Exercise goal —
Two lines mark the range in the entries below: the one holding "Nissan Altima Vehicle" and the one holding "2nd image of 265 Fernside Pl". Set down those two and all lines between them, exactly.

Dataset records
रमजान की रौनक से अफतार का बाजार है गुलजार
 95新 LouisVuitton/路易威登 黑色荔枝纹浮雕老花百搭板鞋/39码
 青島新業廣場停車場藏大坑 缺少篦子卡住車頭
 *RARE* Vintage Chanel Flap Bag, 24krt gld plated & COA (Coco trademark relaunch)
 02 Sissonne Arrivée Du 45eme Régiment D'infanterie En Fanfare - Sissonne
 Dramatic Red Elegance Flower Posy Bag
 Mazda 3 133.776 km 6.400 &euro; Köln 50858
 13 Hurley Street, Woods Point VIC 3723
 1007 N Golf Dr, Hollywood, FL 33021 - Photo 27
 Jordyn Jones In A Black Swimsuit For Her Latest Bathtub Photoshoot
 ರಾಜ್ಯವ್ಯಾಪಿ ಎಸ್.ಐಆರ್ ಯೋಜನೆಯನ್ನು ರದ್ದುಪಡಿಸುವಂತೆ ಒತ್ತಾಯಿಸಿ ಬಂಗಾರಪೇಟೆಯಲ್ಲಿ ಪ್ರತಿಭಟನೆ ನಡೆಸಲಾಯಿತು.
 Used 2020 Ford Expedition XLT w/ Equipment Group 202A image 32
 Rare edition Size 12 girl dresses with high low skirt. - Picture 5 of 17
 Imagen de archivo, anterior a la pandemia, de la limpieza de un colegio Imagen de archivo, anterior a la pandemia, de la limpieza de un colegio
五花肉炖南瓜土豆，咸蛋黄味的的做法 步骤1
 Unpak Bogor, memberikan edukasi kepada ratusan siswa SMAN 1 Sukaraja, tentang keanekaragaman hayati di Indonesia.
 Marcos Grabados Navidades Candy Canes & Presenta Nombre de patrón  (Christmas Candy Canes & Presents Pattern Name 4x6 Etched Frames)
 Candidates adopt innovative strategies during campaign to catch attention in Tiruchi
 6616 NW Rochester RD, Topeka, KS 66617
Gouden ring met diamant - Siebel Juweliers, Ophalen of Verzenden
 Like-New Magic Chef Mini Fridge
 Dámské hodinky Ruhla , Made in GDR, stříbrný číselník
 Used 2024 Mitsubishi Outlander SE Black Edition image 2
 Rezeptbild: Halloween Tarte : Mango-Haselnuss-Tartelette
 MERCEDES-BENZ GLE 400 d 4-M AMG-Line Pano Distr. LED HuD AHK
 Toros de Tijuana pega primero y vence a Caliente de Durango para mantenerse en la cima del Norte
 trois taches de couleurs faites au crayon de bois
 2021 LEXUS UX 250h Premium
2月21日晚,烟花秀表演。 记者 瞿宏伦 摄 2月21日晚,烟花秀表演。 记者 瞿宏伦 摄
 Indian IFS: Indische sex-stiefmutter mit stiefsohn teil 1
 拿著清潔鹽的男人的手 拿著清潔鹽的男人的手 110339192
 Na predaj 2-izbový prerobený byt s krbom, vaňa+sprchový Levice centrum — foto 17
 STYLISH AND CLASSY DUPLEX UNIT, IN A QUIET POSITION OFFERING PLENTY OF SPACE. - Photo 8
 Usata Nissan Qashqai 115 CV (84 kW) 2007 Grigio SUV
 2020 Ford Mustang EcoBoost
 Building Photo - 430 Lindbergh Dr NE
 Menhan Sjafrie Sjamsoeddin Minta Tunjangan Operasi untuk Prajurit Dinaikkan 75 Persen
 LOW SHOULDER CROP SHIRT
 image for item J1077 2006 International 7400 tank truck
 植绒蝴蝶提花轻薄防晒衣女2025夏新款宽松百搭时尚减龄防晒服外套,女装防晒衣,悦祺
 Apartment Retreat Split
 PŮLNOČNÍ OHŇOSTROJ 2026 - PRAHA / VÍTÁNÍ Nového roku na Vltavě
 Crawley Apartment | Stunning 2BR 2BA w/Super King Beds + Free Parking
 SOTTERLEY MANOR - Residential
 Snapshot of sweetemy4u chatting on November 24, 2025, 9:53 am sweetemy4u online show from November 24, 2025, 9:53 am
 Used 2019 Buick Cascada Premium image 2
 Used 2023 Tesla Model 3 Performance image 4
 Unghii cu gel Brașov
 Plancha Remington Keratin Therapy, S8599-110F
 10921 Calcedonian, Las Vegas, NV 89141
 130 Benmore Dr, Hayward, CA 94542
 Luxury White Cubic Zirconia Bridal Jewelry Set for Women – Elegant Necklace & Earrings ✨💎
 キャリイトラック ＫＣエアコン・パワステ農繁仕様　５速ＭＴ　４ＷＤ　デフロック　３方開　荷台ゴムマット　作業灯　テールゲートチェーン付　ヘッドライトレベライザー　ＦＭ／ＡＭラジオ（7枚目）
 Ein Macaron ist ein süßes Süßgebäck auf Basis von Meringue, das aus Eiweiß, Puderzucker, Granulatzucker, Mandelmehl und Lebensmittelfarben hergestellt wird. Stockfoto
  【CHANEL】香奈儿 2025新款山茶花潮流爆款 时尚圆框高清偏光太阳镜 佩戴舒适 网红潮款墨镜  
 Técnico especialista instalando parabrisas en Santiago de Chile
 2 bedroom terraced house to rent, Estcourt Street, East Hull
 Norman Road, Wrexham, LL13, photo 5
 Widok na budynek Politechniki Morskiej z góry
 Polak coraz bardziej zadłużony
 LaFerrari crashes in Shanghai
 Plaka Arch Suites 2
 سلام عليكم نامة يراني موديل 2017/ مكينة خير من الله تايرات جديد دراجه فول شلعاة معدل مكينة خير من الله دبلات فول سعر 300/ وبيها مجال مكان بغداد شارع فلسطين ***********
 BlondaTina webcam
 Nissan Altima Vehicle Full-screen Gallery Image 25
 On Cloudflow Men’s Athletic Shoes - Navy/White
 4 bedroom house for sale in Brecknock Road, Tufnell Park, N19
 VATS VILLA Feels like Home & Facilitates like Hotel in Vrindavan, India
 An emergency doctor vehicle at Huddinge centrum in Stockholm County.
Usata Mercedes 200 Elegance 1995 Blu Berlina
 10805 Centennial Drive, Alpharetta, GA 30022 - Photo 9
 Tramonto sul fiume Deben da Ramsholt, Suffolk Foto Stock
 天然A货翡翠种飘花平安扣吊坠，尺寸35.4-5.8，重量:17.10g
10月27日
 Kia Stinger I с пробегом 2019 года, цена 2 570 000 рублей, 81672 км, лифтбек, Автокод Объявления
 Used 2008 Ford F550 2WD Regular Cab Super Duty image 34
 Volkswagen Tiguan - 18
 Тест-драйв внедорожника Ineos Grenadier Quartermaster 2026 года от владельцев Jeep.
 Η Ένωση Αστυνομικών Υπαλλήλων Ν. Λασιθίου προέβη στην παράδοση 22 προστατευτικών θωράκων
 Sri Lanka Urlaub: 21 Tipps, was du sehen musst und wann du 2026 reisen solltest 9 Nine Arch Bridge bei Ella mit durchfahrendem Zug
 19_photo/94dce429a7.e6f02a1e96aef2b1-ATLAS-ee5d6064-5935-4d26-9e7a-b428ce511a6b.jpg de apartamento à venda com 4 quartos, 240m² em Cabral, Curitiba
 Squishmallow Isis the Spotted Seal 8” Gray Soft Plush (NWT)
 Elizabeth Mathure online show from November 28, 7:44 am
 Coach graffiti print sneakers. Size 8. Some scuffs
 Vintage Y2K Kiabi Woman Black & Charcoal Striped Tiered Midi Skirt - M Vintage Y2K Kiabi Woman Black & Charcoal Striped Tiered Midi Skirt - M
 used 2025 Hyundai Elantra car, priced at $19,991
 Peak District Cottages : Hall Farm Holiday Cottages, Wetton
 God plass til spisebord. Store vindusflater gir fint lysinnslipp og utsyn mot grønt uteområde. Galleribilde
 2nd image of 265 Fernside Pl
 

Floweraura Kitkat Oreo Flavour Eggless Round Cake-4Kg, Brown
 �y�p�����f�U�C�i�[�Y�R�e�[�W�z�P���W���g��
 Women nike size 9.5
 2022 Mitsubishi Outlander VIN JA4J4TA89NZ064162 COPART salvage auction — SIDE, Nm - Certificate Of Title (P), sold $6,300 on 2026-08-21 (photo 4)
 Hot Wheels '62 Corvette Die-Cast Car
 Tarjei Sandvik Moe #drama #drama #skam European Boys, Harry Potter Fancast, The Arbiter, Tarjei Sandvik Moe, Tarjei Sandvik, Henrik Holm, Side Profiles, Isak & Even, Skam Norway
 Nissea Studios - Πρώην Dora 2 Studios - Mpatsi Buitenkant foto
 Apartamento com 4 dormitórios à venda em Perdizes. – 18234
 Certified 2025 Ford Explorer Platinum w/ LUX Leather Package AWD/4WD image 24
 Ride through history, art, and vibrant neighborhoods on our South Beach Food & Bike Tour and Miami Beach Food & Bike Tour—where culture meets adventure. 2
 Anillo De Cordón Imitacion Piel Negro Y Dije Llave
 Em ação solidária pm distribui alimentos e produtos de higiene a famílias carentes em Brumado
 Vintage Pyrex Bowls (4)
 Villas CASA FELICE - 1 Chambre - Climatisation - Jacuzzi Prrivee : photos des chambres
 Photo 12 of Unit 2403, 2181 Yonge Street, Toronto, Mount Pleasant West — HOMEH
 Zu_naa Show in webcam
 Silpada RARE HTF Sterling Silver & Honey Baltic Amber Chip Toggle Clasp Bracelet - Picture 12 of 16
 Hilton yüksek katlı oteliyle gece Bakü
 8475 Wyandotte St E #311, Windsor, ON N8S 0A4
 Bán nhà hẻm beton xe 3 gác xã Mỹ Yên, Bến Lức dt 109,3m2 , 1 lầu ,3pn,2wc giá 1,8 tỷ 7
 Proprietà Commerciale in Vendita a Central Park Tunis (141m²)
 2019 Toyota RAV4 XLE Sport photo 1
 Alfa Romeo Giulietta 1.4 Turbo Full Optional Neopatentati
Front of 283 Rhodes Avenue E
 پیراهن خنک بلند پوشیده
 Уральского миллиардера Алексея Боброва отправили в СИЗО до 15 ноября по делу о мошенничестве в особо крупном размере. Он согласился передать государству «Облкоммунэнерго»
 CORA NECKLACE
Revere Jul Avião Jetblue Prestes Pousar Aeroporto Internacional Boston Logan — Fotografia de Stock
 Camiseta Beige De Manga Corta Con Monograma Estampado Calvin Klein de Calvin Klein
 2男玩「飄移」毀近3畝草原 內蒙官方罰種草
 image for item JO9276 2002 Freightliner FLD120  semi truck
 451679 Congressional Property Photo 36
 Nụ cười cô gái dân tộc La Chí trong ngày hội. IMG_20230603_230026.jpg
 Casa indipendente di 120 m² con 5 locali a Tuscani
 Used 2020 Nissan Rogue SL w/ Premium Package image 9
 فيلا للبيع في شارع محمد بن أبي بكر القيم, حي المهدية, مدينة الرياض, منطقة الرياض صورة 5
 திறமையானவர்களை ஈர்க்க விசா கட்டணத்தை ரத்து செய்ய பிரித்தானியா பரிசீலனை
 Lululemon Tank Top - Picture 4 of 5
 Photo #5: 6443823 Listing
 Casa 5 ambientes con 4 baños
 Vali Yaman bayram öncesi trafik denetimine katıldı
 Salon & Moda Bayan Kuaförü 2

Written solution —
 Nissan Altima Vehicle Full-screen Gallery Image 25
 On Cloudflow Men’s Athletic Shoes - Navy/White
 4 bedroom house for sale in Brecknock Road, Tufnell Park, N19
 VATS VILLA Feels like Home & Facilitates like Hotel in Vrindavan, India
 An emergency doctor vehicle at Huddinge centrum in Stockholm County.
Usata Mercedes 200 Elegance 1995 Blu Berlina
 10805 Centennial Drive, Alpharetta, GA 30022 - Photo 9
 Tramonto sul fiume Deben da Ramsholt, Suffolk Foto Stock
 天然A货翡翠种飘花平安扣吊坠，尺寸35.4-5.8，重量:17.10g
10月27日
 Kia Stinger I с пробегом 2019 года, цена 2 570 000 рублей, 81672 км, лифтбек, Автокод Объявления
 Used 2008 Ford F550 2WD Regular Cab Super Duty image 34
 Volkswagen Tiguan - 18
 Тест-драйв внедорожника Ineos Grenadier Quartermaster 2026 года от владельцев Jeep.
 Η Ένωση Αστυνομικών Υπαλλήλων Ν. Λασιθίου προέβη στην παράδοση 22 προστατευτικών θωράκων
 Sri Lanka Urlaub: 21 Tipps, was du sehen musst und wann du 2026 reisen solltest 9 Nine Arch Bridge bei Ella mit durchfahrendem Zug
 19_photo/94dce429a7.e6f02a1e96aef2b1-ATLAS-ee5d6064-5935-4d26-9e7a-b428ce511a6b.jpg de apartamento à venda com 4 quartos, 240m² em Cabral, Curitiba
 Squishmallow Isis the Spotted Seal 8” Gray Soft Plush (NWT)
 Elizabeth Mathure online show from November 28, 7:44 am
 Coach graffiti print sneakers. Size 8. Some scuffs
 Vintage Y2K Kiabi Woman Black & Charcoal Striped Tiered Midi Skirt - M Vintage Y2K Kiabi Woman Black & Charcoal Striped Tiered Midi Skirt - M
 used 2025 Hyundai Elantra car, priced at $19,991
 Peak District Cottages : Hall Farm Holiday Cottages, Wetton
 God plass til spisebord. Store vindusflater gir fint lysinnslipp og utsyn mot grønt uteområde. Galleribilde
 2nd image of 265 Fernside Pl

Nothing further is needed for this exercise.